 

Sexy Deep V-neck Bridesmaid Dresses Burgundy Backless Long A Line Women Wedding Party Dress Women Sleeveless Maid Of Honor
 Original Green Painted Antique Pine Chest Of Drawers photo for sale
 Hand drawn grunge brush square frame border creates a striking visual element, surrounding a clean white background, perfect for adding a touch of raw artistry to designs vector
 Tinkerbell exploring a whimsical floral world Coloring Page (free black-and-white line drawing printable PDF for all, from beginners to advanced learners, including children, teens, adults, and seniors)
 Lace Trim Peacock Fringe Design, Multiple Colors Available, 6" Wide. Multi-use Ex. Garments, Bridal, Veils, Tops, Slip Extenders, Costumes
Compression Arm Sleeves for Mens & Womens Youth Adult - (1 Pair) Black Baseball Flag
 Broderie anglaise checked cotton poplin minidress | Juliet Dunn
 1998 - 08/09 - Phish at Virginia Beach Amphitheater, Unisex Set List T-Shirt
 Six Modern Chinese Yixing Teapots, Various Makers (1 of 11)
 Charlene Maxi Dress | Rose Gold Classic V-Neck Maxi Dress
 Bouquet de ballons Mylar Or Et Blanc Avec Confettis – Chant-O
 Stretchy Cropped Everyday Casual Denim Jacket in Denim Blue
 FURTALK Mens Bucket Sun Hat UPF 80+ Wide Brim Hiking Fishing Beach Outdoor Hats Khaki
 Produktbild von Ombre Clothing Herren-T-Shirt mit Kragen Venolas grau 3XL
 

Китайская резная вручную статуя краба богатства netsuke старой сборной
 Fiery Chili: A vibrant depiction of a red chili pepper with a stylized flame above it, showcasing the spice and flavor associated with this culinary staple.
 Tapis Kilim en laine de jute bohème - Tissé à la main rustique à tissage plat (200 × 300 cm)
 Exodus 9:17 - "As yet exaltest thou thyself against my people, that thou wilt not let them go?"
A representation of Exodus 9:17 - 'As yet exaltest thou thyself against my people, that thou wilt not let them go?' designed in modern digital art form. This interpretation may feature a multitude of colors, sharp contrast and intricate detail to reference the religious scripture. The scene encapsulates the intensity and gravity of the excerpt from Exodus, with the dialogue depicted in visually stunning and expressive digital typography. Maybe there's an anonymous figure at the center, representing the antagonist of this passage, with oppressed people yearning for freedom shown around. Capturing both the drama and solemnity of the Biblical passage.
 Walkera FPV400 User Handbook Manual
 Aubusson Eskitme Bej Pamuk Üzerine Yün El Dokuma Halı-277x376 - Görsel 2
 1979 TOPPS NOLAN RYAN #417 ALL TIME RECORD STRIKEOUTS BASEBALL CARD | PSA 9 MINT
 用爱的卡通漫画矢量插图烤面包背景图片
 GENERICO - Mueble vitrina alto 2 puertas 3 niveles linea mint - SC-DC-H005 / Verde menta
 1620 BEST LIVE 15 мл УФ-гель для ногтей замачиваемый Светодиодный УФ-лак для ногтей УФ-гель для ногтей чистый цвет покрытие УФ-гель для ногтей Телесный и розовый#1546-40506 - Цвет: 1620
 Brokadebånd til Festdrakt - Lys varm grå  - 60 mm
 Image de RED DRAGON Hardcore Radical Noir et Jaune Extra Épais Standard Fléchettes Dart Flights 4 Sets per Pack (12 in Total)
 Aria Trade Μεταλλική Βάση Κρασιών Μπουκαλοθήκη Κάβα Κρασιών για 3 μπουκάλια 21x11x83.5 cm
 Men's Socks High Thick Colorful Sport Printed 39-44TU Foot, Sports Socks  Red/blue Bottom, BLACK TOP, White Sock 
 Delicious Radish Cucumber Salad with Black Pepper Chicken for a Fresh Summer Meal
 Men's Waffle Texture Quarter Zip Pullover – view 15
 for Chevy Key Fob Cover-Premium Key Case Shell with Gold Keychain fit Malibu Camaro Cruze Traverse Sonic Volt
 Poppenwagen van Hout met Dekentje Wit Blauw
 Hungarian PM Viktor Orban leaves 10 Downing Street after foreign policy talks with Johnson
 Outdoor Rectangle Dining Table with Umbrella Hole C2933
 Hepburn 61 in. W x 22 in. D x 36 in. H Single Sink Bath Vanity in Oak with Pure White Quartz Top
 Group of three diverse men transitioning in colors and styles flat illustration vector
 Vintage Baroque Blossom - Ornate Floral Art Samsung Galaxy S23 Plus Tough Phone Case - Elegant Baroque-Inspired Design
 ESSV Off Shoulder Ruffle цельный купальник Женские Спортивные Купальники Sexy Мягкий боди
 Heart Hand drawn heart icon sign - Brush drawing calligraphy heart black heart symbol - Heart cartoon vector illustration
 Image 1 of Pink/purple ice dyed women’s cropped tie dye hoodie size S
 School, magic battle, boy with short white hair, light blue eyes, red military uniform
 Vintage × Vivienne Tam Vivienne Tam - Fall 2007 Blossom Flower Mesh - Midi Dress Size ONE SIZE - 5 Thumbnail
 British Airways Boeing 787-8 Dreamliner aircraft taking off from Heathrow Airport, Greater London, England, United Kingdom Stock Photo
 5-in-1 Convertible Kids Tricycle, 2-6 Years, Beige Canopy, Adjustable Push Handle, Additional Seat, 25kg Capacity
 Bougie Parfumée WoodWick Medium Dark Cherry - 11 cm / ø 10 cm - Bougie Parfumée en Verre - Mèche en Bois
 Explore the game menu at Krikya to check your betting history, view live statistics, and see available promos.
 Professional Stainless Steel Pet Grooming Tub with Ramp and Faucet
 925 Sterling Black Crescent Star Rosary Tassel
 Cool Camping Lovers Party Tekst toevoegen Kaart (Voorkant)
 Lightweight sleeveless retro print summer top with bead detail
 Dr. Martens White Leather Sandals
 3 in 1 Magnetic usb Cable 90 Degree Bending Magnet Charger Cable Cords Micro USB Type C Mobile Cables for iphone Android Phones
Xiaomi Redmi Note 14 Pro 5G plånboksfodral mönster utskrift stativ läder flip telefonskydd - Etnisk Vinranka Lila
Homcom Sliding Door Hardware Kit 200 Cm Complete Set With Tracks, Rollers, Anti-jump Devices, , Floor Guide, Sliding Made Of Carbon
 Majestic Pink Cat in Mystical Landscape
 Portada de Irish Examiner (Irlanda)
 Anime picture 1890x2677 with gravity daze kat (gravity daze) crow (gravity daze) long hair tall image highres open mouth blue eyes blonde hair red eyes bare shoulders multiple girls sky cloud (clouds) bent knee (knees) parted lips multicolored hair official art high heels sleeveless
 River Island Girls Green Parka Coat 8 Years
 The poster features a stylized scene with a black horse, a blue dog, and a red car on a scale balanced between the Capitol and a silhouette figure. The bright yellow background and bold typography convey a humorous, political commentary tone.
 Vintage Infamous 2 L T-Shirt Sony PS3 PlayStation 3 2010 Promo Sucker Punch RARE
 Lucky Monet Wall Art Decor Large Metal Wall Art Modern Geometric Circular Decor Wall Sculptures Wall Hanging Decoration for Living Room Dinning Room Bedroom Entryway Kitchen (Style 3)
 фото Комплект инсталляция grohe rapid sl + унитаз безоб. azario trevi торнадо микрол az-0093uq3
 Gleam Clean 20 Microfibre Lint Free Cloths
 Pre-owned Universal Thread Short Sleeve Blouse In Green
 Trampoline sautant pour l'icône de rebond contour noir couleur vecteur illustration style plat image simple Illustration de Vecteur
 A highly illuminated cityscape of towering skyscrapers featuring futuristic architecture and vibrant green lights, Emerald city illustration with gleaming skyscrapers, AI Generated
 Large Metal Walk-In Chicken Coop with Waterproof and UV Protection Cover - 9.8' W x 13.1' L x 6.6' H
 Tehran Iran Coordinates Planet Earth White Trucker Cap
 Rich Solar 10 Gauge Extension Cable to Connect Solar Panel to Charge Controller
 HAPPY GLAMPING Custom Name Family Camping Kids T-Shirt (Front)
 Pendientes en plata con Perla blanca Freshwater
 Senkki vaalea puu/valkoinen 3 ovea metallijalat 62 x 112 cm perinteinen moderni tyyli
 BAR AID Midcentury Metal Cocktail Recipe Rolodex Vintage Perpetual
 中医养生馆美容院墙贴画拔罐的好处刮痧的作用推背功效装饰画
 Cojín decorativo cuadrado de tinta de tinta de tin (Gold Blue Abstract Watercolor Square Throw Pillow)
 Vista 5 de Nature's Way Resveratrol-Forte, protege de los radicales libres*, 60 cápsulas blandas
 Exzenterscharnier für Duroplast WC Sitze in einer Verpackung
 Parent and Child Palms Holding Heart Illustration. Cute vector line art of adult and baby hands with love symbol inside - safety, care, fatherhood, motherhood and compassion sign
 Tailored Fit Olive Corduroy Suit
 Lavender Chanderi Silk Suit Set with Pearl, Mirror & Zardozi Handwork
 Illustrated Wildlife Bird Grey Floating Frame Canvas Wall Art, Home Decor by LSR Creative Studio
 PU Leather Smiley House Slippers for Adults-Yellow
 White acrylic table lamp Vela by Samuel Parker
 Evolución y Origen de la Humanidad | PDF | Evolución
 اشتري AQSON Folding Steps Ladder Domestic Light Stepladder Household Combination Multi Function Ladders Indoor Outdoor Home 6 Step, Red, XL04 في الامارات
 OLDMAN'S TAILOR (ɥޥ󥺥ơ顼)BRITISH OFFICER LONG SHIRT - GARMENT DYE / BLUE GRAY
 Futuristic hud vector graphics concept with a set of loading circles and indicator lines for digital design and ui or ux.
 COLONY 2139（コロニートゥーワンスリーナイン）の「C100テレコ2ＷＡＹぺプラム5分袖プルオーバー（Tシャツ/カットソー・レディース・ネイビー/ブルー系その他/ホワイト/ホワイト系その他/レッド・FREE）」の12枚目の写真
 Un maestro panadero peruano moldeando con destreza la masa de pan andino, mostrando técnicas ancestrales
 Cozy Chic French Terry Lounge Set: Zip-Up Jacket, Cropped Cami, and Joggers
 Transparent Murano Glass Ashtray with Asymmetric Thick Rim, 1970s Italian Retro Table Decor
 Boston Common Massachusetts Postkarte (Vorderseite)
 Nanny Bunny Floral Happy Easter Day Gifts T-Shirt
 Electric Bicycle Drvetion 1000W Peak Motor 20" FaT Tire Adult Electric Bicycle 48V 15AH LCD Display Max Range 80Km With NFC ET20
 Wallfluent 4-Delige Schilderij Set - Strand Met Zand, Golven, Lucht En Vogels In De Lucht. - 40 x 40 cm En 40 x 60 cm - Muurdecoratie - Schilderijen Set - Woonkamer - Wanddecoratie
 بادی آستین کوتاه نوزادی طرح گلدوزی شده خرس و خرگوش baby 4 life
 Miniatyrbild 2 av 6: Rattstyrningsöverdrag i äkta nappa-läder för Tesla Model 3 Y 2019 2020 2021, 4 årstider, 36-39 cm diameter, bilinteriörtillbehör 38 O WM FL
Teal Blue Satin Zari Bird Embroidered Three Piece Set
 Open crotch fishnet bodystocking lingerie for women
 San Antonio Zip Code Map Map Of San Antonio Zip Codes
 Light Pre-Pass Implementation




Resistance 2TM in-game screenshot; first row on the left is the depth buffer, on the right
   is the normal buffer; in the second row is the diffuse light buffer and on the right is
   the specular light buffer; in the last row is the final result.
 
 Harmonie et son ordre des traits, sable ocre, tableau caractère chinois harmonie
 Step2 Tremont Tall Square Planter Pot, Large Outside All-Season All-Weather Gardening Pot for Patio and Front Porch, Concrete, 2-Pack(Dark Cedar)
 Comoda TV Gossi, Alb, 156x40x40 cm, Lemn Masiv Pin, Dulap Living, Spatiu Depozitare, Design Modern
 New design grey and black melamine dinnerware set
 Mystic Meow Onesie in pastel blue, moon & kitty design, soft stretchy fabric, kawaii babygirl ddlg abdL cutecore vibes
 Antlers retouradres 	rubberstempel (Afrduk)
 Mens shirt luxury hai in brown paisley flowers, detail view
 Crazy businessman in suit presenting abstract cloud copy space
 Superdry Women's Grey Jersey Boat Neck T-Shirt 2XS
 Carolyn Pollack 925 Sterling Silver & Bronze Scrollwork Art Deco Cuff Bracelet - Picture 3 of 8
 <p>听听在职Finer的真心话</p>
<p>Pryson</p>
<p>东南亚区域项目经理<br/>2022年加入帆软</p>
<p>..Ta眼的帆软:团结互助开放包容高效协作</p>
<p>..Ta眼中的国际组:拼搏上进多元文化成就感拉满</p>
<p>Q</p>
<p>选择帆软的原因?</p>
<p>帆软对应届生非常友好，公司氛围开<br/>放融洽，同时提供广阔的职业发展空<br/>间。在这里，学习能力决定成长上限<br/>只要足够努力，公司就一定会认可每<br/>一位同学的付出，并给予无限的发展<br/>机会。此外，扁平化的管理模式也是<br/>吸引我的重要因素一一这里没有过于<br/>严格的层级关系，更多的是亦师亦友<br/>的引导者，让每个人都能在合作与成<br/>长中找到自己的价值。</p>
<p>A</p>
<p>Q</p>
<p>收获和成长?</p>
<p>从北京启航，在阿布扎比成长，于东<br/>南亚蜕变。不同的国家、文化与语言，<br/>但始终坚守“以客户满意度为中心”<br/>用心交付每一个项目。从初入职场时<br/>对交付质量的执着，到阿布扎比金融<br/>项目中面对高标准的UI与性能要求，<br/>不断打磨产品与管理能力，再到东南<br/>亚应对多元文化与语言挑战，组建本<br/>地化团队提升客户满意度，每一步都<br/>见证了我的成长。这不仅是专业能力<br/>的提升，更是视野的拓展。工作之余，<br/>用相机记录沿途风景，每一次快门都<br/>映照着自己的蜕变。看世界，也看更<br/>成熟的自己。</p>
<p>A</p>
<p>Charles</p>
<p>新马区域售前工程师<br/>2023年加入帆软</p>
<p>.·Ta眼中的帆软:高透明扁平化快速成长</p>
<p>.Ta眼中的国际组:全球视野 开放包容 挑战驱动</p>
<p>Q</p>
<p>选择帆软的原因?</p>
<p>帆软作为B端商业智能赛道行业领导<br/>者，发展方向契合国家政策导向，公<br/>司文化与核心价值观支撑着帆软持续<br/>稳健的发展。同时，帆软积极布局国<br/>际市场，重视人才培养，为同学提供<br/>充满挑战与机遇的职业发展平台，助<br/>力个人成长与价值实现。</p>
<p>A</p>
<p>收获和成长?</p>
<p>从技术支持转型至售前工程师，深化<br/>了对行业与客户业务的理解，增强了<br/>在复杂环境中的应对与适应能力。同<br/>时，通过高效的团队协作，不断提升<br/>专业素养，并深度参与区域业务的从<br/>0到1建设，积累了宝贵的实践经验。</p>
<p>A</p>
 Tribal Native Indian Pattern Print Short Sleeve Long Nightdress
━━━━━━━━
* _WHAT THE TASK REQUIRES_: Within the listing above, locate the line containing "Trampoline sautant pour" and the line containing "Senkki vaalea puu/valkoinen". Reproduce those two lines and all lines between them exactly, with nothing added.

* _RESPONSE_:
 Trampoline sautant pour l'icône de rebond contour noir couleur vecteur illustration style plat image simple Illustration de Vecteur
 A highly illuminated cityscape of towering skyscrapers featuring futuristic architecture and vibrant green lights, Emerald city illustration with gleaming skyscrapers, AI Generated
 Large Metal Walk-In Chicken Coop with Waterproof and UV Protection Cover - 9.8' W x 13.1' L x 6.6' H
 Tehran Iran Coordinates Planet Earth White Trucker Cap
 Rich Solar 10 Gauge Extension Cable to Connect Solar Panel to Charge Controller
 HAPPY GLAMPING Custom Name Family Camping Kids T-Shirt (Front)
 Pendientes en plata con Perla blanca Freshwater
 Senkki vaalea puu/valkoinen 3 ovea metallijalat 62 x 112 cm perinteinen moderni tyyli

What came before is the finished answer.